Stereo Imaging

CS 481 Lecture, Dr. Lawlor

The human visual system perceives 3D shape from a variety of sources:

Size, occlusion, lighting, and texture cues work together to help your brain estimate objects' size and distance. For example, in this image both black doors are exactly the same size on the image, but we perceive the door on the horizon as being much further away, and hence bigger. The same illusion causes the moon to look way bigger down on the horizon (where it's clearly behind the mountains, and hence must be huge) than near-overhead (without any distance scale, your brain isn't faced with the enormous size of the moon).
Motion parallax is probably the next strongest visual depth cue--when you move your head sideways by a distance h, 3D objects at a distance d move by h/d radians. Motion parallax falls off quickly with distance. Faking motion parallax is what 3D graphics is all about; but you've got to make sure the camera (or objects) can move sideways to the camera. Some systems have a "wiggle" mode that causes the camera to slide back and forth, to enhance motion parallax. Head-tracking systems, that watch the user's head location, can do a good job of simulation motion parallax.
Atmospheric perspective is another strong distance cue at long ranges. It is caused by sky-light scattering into your view, as your view cuts through larger amounts of air, and eventually converges on sky color. For example, the more distant hills and mountains in the photo below begin to approach sky color. A mathematical model might be that with every mile of distance, we blend in a little more sky light (C(d+1)=0.9*C(d)+0.1*sky), which integrates to the usual exponential model C(d)=pow(0.9,d)*C(0)+(1-pow(0.9,d))*sky. The computer graphics equivalent of this effect is usually called "fog", although in graphics fog is often absurdly thick. Real atmospheric scattering tends to take tens of kilometers to significantly affect colors, while often in games the end of a hallway is often visibly foggier.
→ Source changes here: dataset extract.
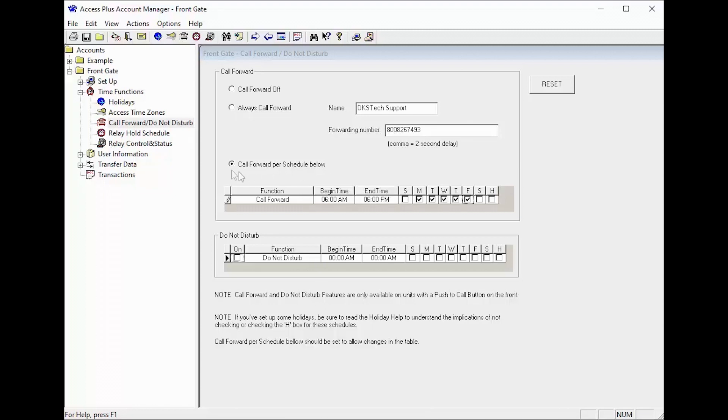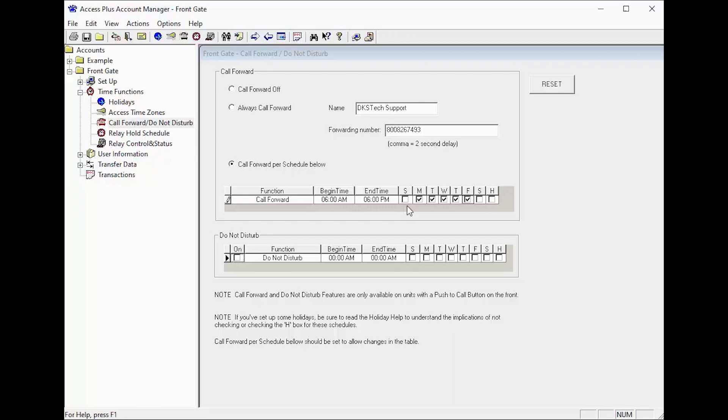The call forwarding feature can also be set up on a schedule so that it will automatically call your forwarding number when you are typically away from your home. Here we would set up times for when we would typically leave for work and when we typically return home.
Maybe game programmers work in really smoky buildings, or live in foggy places like Seattle or London!
Stereo disparity is the difference between the image seen by both of your eyes. Here's an experiment--try covering up one eye, holding your head perfectly still, and staring at the world. It looks flat! Stereo disparity is pretty tricky to add to rendering systems, so of course people are fascinated by it!

Stereo Disparity

Your two eyes see the world slightly differently. Your brain estimates depth from these differences. To simulate this effect, you first need to render the world from the point of view of each eye. This is easy. You then need to feed each eye-image into the user's eyes independently. That's the hard part, but there are lots of interesting ways to do it:

You can show the images side-by-side, and let the user cross his eyes, or go wall-eye. Special hardware called a stereoscope can help you do this, and dates back to the victorian era. I shoot a lot of my digital photos in stereo, and then just view them side by side.
You can build two independent screens, and put one in front of each eye. This looks cool, but so far it's flopped in the marketplace (see Nintendo's 1995 "Virtual Boy").
You can build one high-resolution screen, and put a sheet of tiny lenses in front of the screen, so each eye sees a different part of the screen through the lenses. This is called a lenticular display, and has the advantage that you don't need to wear anything funky on your head (it's "autostereoscopic"). The downside is that even commercial systems currently have fairly pathetic resolution and high prices.
You can use holography to capture the light from real-life or digital models. Full holography requires maybe 50,000dpi, but you can do a decent job with as few as 5,000dpi. MIT has built several realtime computational holographic output devices based on graphics cards.
You can use a single screen, and show each eye's image in rapid succession. You can then use lightweight LCD shutterglasses to black out the other eye, and the user's brain will fuse the images together. Because the left-right flipping cuts the per-eye frame refresh rate in half, it helps to start with a pretty high-refresh-rate system (90+Hz works best). The upside is this is really quite cheap (my eDimensional glasses cost $40), and it works on any display with varying degrees of success. I've gotten poor results on LCD displays and projectors (they just can't switch between the left and right image fast enough, resulting in ghosting), passable results on CRT monitors (there's still a bit of ghosting, due to the phosphors staying lit), and truly incredible results with some DLP projectors. DLP projectors are designed to flash out their images to a passive screen, so there's zero ghosting or blurring. The ARSC Discovery Lab uses shutterglasses too.